The microarray experiment used mRNA prepared 24 hours after induction, when cell proliferation had ceased (Fig. 4C). To determine whether the changes in mRNAs identified in the microarray experiment occurred prior to growth arrest, the expression of four upregulated and two downregulated mRNAs was measured over a time course after induction (Fig. 5B). For all upregulated mRNAs, the changes in mRNA levels were apparent after 4 hours, before growth arrest, which was first apparent at 8 hours (Fig. 4C). The selective and rapid onset of the increase in mRNA levels provides evidence that it is a direct result of dhh1-E182Q expression rather than a secondary effect of growth arrest. For the two downregulated mRNAs, the changes were significant after 8 hours but less obvious after 4 hours, and it is possible that the decrease is a secondary effect.

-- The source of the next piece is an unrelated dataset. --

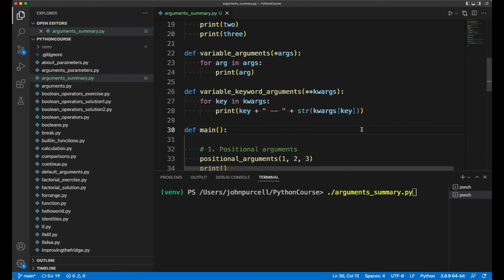As you continue to code in Python, you'll start to think to yourself, 'Oh, I could use variable keyword arguments here,' or 'I could use variable arguments,' or whatever you like.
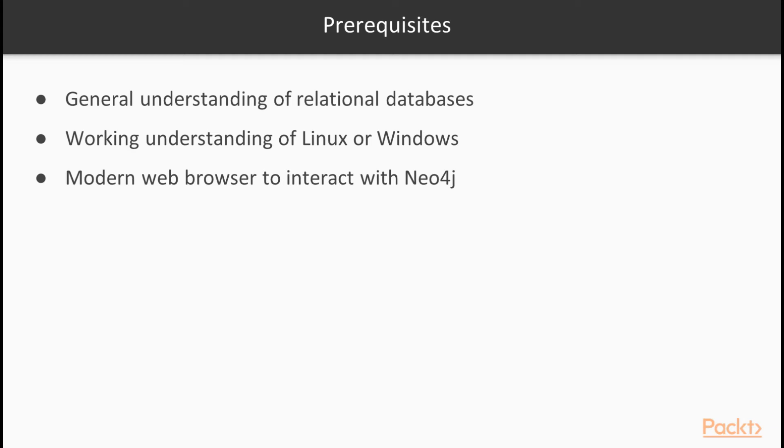To begin this course, it would be helpful to have a basic understanding of relational database management systems. This isn't an absolutely necessary prerequisite, but having a general understanding will allow you to understand a few concepts easier.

A second microarray experiment was performed to compare cells expressing wild-type DHH1 as a tetracycline-inducible transgene before and 24 hours after induction (ArrayExpress submission accession number: E-MEXP-2025; Fig. 5C). In this experiment, DHH1 expression was increased 2.0-fold, compared with 1.3-fold for the dhh1-E182Q microarray experiment. Wild-type DHH1 overexpression had little effect on total mRNA levels (supplementary material Fig. S7A), and there was only a small decrease in polysomes by 24 hours (supplementary material Fig. S7B). Alterations in individual mRNAs after expression of DHH1 were also smaller, as can be seen by comparing the deviation from the diagonals in Fig. 5A and 5C. Using the same filtering criteria as previously, there was a single upregulated mRNA, Tb927.1.4630, with a ratio of 2.6: the same mRNA that was most increased by dhh1-E182Q expression. The values obtained from the microarray were validated using northern blotting for ISG75 mRNA, which showed a 1.3- to 1.5-fold increase in three separate clones (supplementary material Fig. S7C). Both microarray experiments identified changes 24 hours after transgene induction. The validation by northern blotting indicated that mRNAs that changed rapidly after induction were correctly identified but it is likely that the microarray data identified some mRNAs that changed as a result of secondary effects.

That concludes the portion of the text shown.